### PROMPT
Copy the listing exactly as given. Omit every picture.

### SUPPLIED DATA
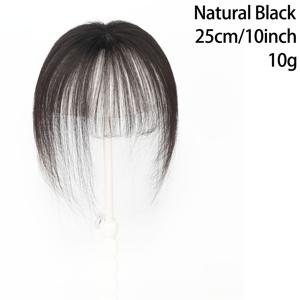 TEMU 여성용 인모 헤어피스, 5x5cm, 안쪽 그물망 포함 수작업 핸드타이드, 정수리 커버용, 흰머리 가리개용, 볼륨감 있는, 풀핸드타이드, 심리스, 머릿결 보송보송하게 만드는 헤어피스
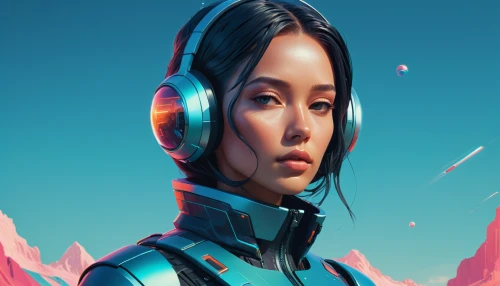 vector girl,sci fiction illustration,futuristic,valerian,scifi,echo,robot icon,mulan,cyber,cyan,ai,cyborg,portrait background,android inspired,aquanaut,avatar,cg artwork,vector art,world digital painting,vector,Conceptual Art,Sci-Fi,Sci-Fi 11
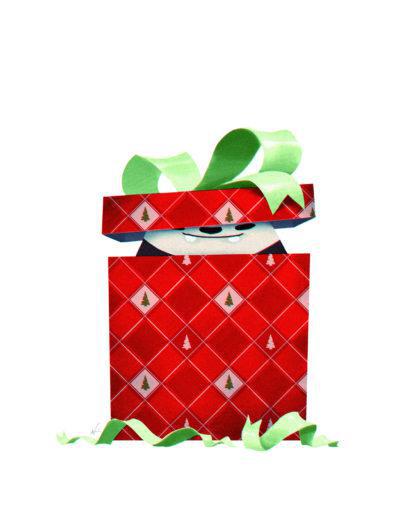 Card - Holiday - Present Panda by Punching Pandas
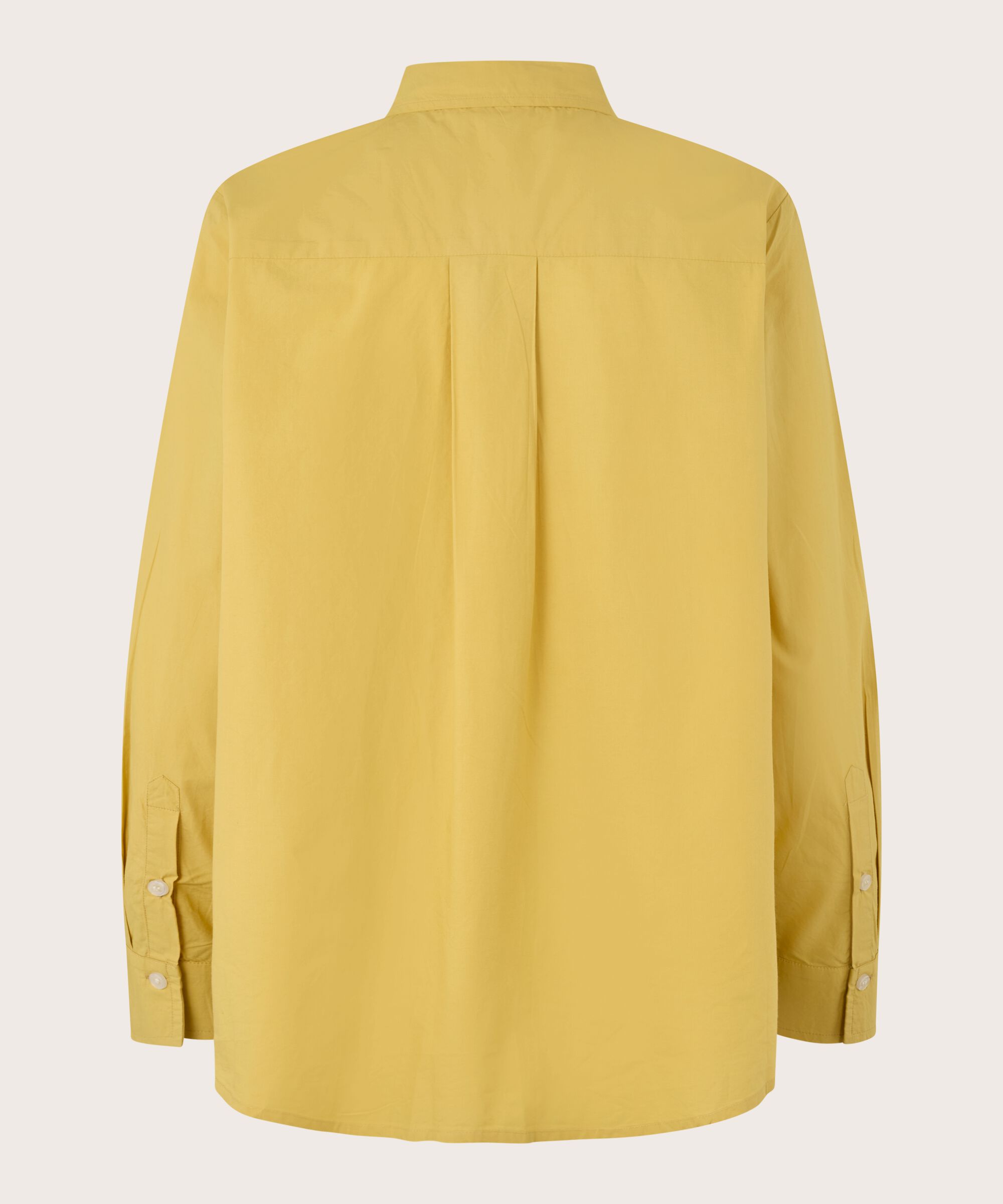 Button-down-hemdbluse Aus Baumwolle, Golden Green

### RESULT FOR THIS EXERCISE
 TEMU 여성용 인모 헤어피스, 5x5cm, 안쪽 그물망 포함 수작업 핸드타이드, 정수리 커버용, 흰머리 가리개용, 볼륨감 있는, 풀핸드타이드, 심리스, 머릿결 보송보송하게 만드는 헤어피스
 vector girl,sci fiction illustration,futuristic,valerian,scifi,echo,robot icon,mulan,cyber,cyan,ai,cyborg,portrait background,android inspired,aquanaut,avatar,cg artwork,vector art,world digital painting,vector,Conceptual Art,Sci-Fi,Sci-Fi 11
 Card - Holiday - Present Panda by Punching Pandas
 Button-down-hemdbluse Aus Baumwolle, Golden Green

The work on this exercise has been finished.